20.1.06

All music issue - part 1: the guitar Sutras of Piratanjoni

I keep getting requests for musical advice, and that's pretty difficult without knowing someone's entire existential situation. Let me start with what I know best, the Guitar, and maybe some of this will filter out in a useful manner.
By, say, 1920, In western pop music, a term that includes the Blues, R&B, everything except that humorless, gelded, carnegie hall jazz and classical guitar, a place had to be invented for the guitar in the orchestras of the day -there wasn't the link to the rennaisance and baroque periods kept alive by Lorcas boys. Most of the early guitarists wound up playing clarinet and horn parts. By the time Rock'n Roll became a houseold word, there was an emancipation. [-though it still goes on, especially in the country music of today]
Once you've run the gamut of that, and don't want to define yourself by what others already played, there seem to be a handful of places to turn - the violin family; trancsribing everyday conversations into notes; Ethnic music with a different harmonic structure [there was a vogue for Hebrew, then Chineese folk songs not long ago]
And, some go to the post rock world of horns, which I think of as a regression -
I always sort of feel that a guitarist has gone bad when you catch them listening to Coltrane sides. . . .
Then there comes the Rebellion against the repeated figure.
We were luckier than most instruments, because the electric guitar was the first instrument that developed timbres beyond itself. This is where Hendrix, then Adrian Belew, and on to Reeves Gabrels today, led us into the realm of pure sound. . . .
At this stage, It gets a bit like Inyat Khan, whose 'mysticism of sound' is a must read. [isbn 81-7769-019-1] Hendrix always maintained he played with his ears, not his hands, which is maybe the best advice on any instrument. Once you've had a few bizarre, ecstatic 'in the zone' experiences, it's hard to go back. At this point there's not alot of difference between music and Alchemy. Transformation and revelation are what you're playing with instead of notes.

2 Comments:

Blogger friars said...

Pirata, What did Lorca and Manuel de Falla do? They loved music, what is more--they sought to promote and preserve music shuned by thier compatriots. Yet, I think thier work can be easy misunderstood in the process of being summeristic; especially if we believe there is an ultimate and describable objective to the art called music.

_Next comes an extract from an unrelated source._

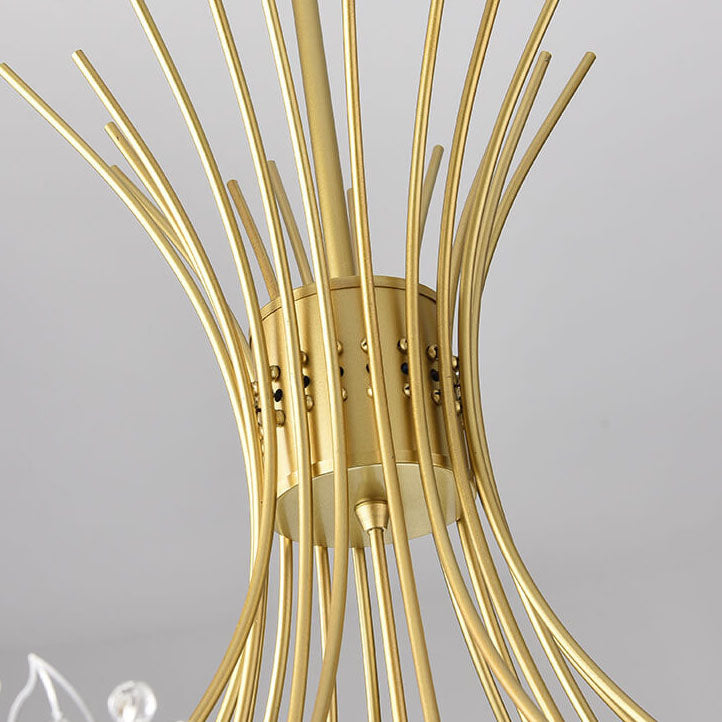 Crystal Dandelion Chandelier 13-19 Light Modern Elegance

Were they then guilty of distinction of taste--there own. Like Richard Wright said about writing (paraphrase): when it is pressed into politics it is overburdended.

They celebrated music--including Cante Jundo, with influence that came to hatch in Spain.

Is there an objective to music? If we criticize shallow expression, or historic returns, it suggests the opposite is only subject to aesthetic praise. What I mean is it remains rooted in taste--subjectivity; while maintaining a supposed excuse of objective reality. This I think is erroneous, and intellectualy a hold over from Plato (and his ideas absorbed into Christianity)--the quest for an ultimate and enforcable truth, i.e. an impersonal truth--a wrong turn based on the practical rule of law (which is of course made of compromise--read "influence", or culture, the one which persists.

l'a-ro

4:27 PM  
Anonymous Anonymous said...

"tommy's too young, bobby's too drunk, i can only sing one note... Shut Up!"